I’m not sure if I missed something, but I looked at 3 times just saw one context created from one device. I think you made changes but may be you forgot to update this file ? If I am wrong something, please let me know.

Thanks,
Duy.

Marco13 · 3. Juli 2013 um 01:27

Oh, sorry, I linked the wrong file. The right one is http://jocl.org/samples/JOCLMultiDeviceSample.java (it’s also linked properly from the samples main page http://jocl.org/samples/samples.html ). I’ll update the link in the previous post accordingly.

duymap · 6. Juli 2013 um 08:33

Hi Marco,

I had some testings and comparison from your files: url]http://jocl.org/samples/JOCLMultiDeviceSample.java and JOCLSample.java. I have modified them to process the same kernel is „multiple 2 vectors“, the size of vector = 10000. So below is the result:

JOCLMultiDeviceSample.java : total running time: 1.942587ms
JOCLSample.java ( Intel HD graphics 4000 ): 0.029147ms

So why we use opencl in one device is faster ? I did a look your example multiple devices again and looks like we have 2 multiple devices but they ran separately, not parallely. It means device0 process the kernel and device1 also process the same kernel separaly, both of them don’t involve to process the one kernel parallelly, is that right ?

Thanks,
Duy.

Marco13 · 6. Juli 2013 um 11:17

Hello

There are many, many things to consider here.
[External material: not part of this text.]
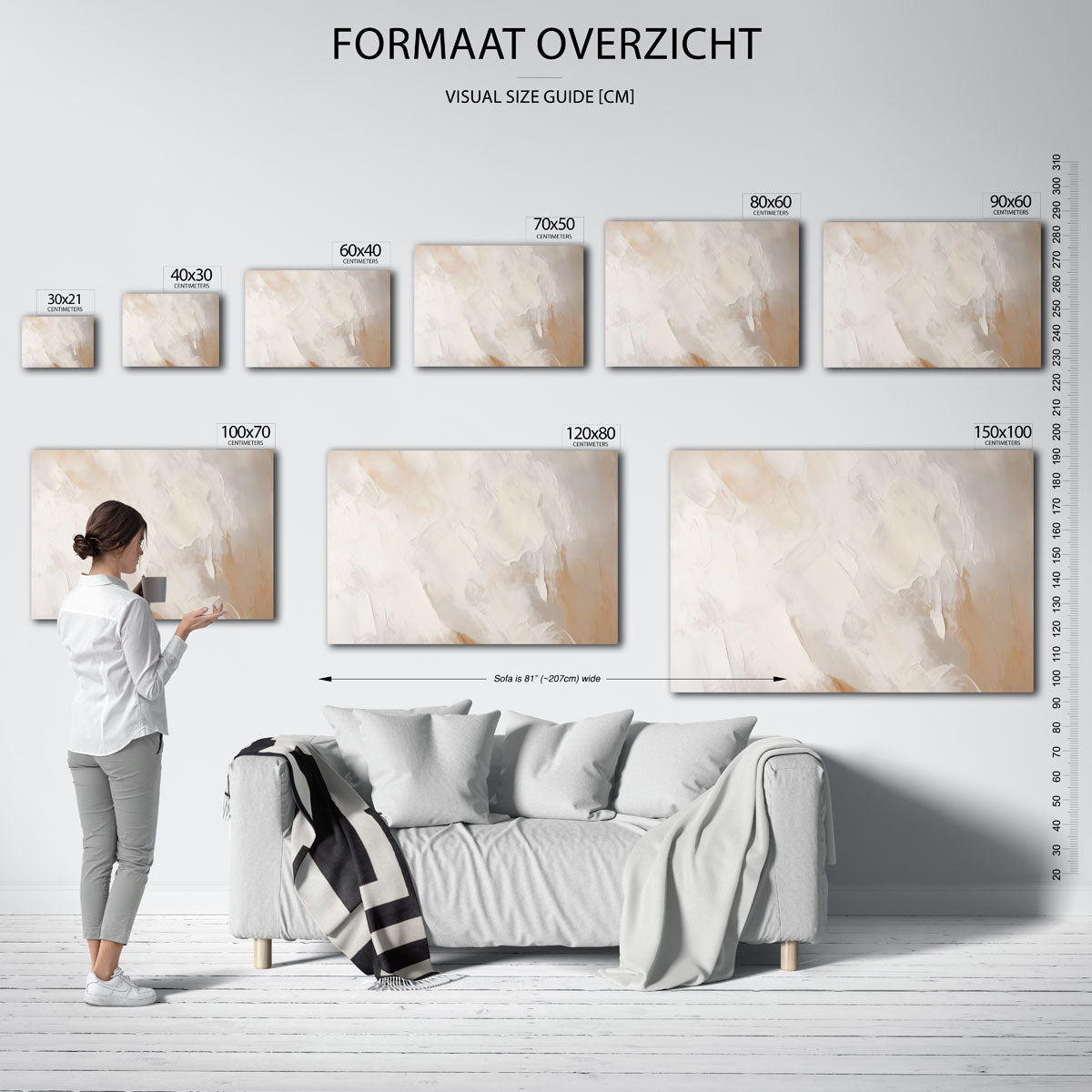 Abstracte beige en witte – liggende muurposter met kleurrijke abstracte vormen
First of all, I’m not entirely sure what you have measured. The „JOCLMultiDeviceSample“ and the „JOCLSample“ are similar, but have some structural differences that may make it difficult to compare them properly.

The next thing is: Measuring a time span of 0.03 ms is difficult in general, and especially in Java. Let the program run 10 times, and you will receive 10 different results. Adding at least a slight amount of „reliability“ to a microbenchmark is difficult as well. You might have noticed that the MultiDevice-Example actually performs a reduction (and not a simple multiplication), mainly in order to have a duration that is not <1ms, but „several“ milliseconds, and one really has a noticable delay caused by the computation.

In any case, what you have measured in the JOCLMultiDeviceSample might also be the execution time of the slowest device. So it might be that the GPU takes 1ms, and the CPU takes 10ms, and it reported 10ms as the „total“ duration. I also think that you also might have a egneral mistake with the measurement (more on that below).

Also, in the MultiDeviceSample, profiling was enabled (with the CL_QUEUE_PROFILING_ENABLE-flag). In the simple version this was not the case. Although this should not have a large influence, it might also contribute to some irritation.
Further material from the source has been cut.